Maksud Suatu Redaksi (Kaidah Kedua)

LADUNI.ID - 

مقاصد اللفظ على نية اللافظ
"Maksud suatu kata adalah sesuai niat pengucapnya".

Kaidah ini adalah salah satu cabang dari kaidah الأمور بمقاصدها yang dibahas sebelumnya. Urgensi kaidah ini adalah membatasi tafsiran suatu perkataan/ucapan pada maksud pengucapnya saja, bukan apa yang dipahami atau disangka oleh pendengar. Namun bila pengucapnya tak punya maksud khusus, maka biasanya hukumnya kembali pada makna kata itu sendiri secara umum.

Contoh penerapannya:

1. Bila seorang suami berkata pada istrinya: Kau sudah kucerai, kucerai, kucerai. Berapa talak yang jatuh? Bila si suami mengulang kata cerai itu dalam rangka memulai cerai baru, maka jatuh tiga talak. Bila maksudnya adalah sekedar menguatkan yang pertama saja, maka jatuh satu talak. Bila asal mengulang saja tanpa niat spesifik, barulah jatuh tiga sesuai jumlah kata itu.

2. Bila seorang suami memanggil istrinya "mama" atau "ibu" dengan niatan dhihar, maka jatuhlah hukum dhihar atasnya dan dia harus menjalani sanksi.

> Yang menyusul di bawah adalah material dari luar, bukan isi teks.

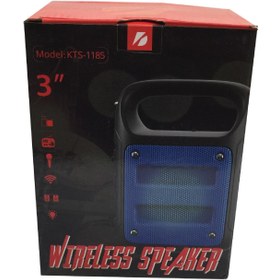 تصویر اسپیکر بلوتوثی مدل KTS-1185 Bluetooth Speaker KTS-1185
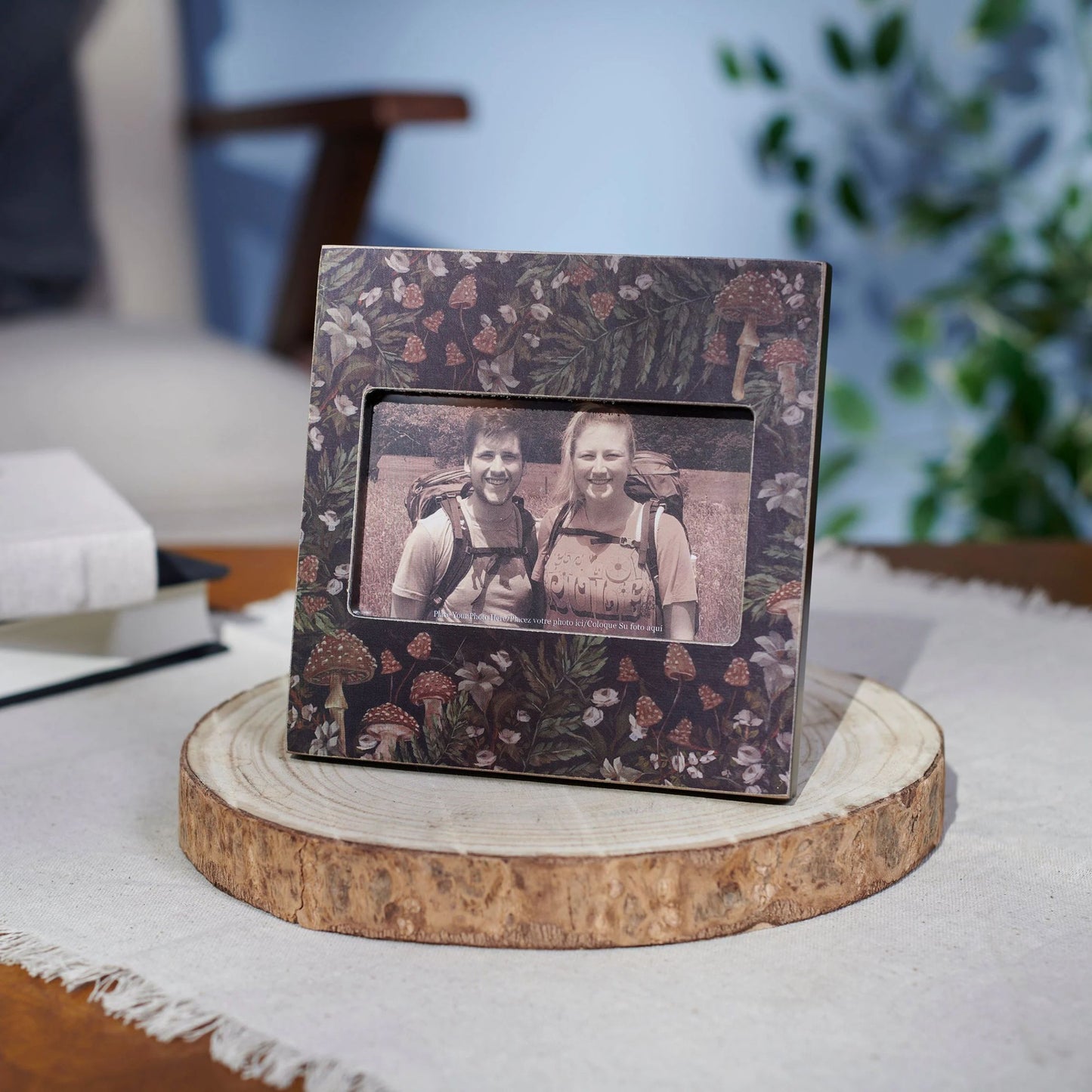 Hidden Garden Photo Frame | Moody Floral Picture Frame | 5" x 3"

Bila maksudnya adalah sekedar panggilan meniru anak-anaknya, dan ini yang lumrah di negara kita, maka tak masalah.

3. Bila seorang istri meletakkan nama suami di belakang namanya, maka bila ia bermaksud intisab atau mengaku sebagai anaknya si suami secara nasab, maka itu haram. Namun bila ia melakukan itu hanya untuk memberi tahu orang lain bahwa dirinya adalah istri dari orang yang namanya dia sertakan, maka tak masalah. Yang kedua inilah yang biasa berlaku di Indonesia di mana seringkali seorang istri berada di lingkungan kerja suaminya sehingga orang pun lebih mudah mengenal seorang wanita bila ia menyebut suaminya siapa.

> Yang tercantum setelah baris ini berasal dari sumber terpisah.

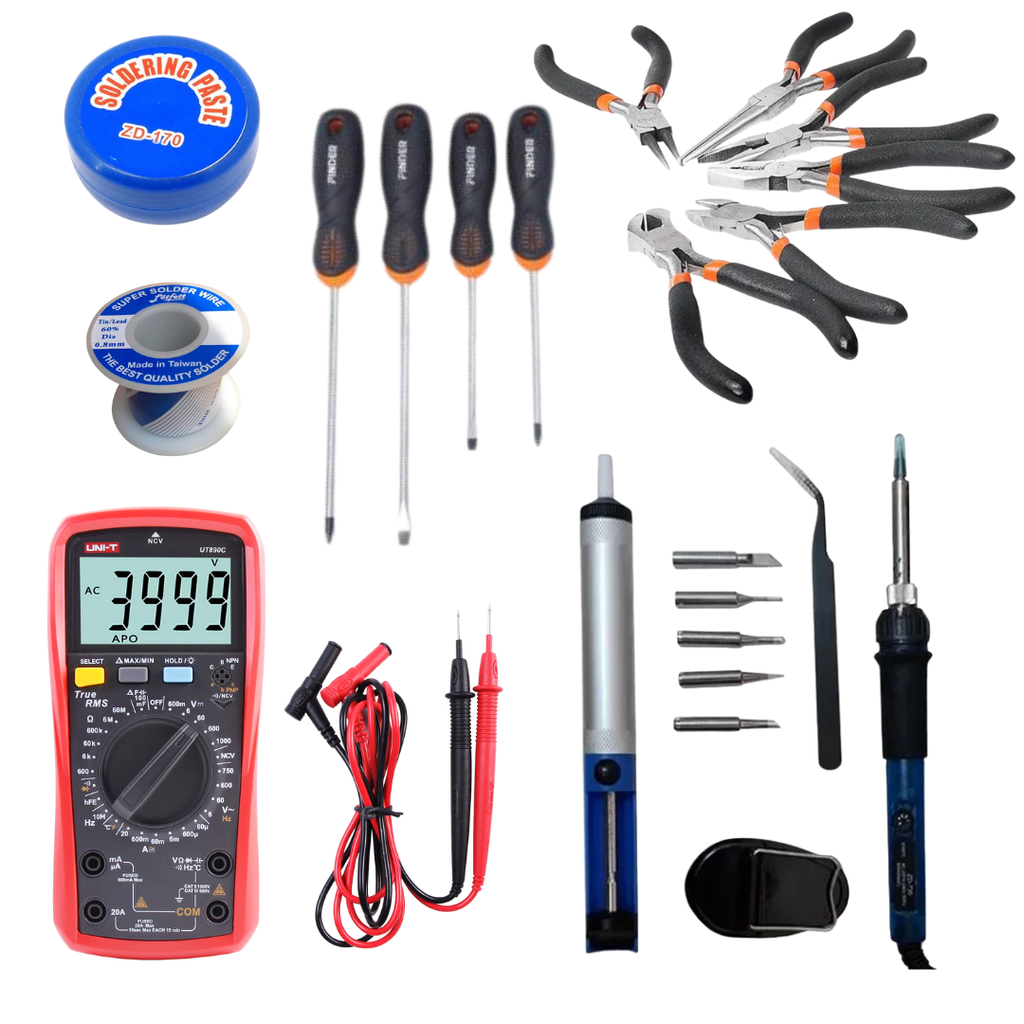 Kit Intermedio De Herramientas Para Electrónica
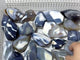 19 Pieces Black Orca Agate Flame Carving #2
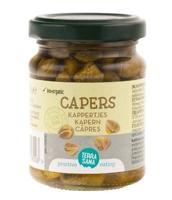 TerraSana Siciliaanse kappertjes in olijfolie bio 120 Gram - thumbnail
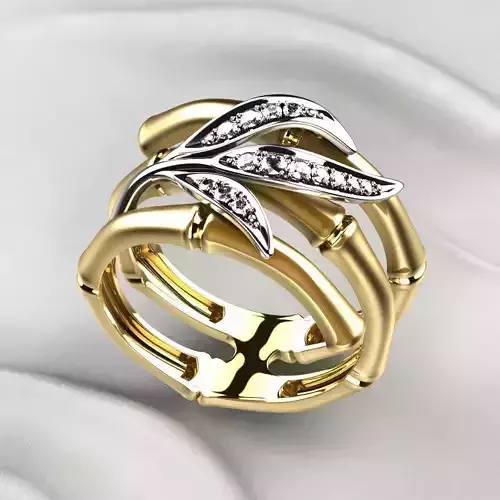 Carrera Bambu Style Gold Ring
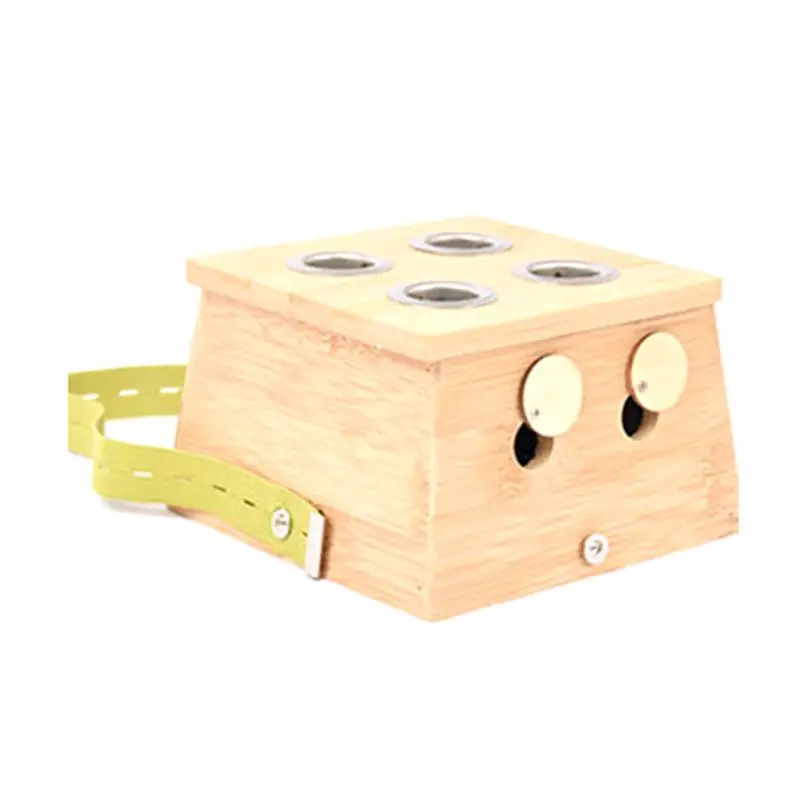 4 отверстия мокса палочка держатель Bamboo прижигание коробка акупунктурный массаж инструмент дропшиппинг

4. Shalat fardlu dengan niat sunnah, maka yang diperhitungkan adalah niatnya sehingga shalatnya tidak sah.

5. Dalam hal akidah, bila seseorang berkata suatu perkataan yang bisa ditafsirkan sebagai kesyirikan dan bisa juga tidak, maka maksud yang diperhitungkan hanyalah maksud pengucapnya saja. Misalnya berkata: "Dokter telah menyembuhkanku", bila maksudnya adalah dokter tersebut secara independen memberikan kesembuhan tanpa izin Allah, maka itu syirik. Tapi bila maksudnya dokter hanyalah perantara kesembuhan yang diberikan Allah, maka tidak syirik. Hal yang sama berlaku dalam tawassul dan istighatsah yang dilakukan seorang muslim. Bila maksudnya adalah menyekutukan Allah tentu syirik, namun bila tidak bermaksud demikian maka tidak boleh dihukumi syirik.

Jadi, semua redaksi dikembalikan maksudnya pada pengucapnya, bukan pada anda atau siapapun yang mendengarnya. Adalah lucu bila suatu ucapan diucapkan oleh A kemudian maksudnya ditentukan oleh B.

Namun kaidah ini punya pengecualian, yakni dalam kasus sumpah yang diucapkan di depan hakim. Maka makna sumpah itu sesuai maksud hakim, bukan sesuai maksud orang yang bersumpah.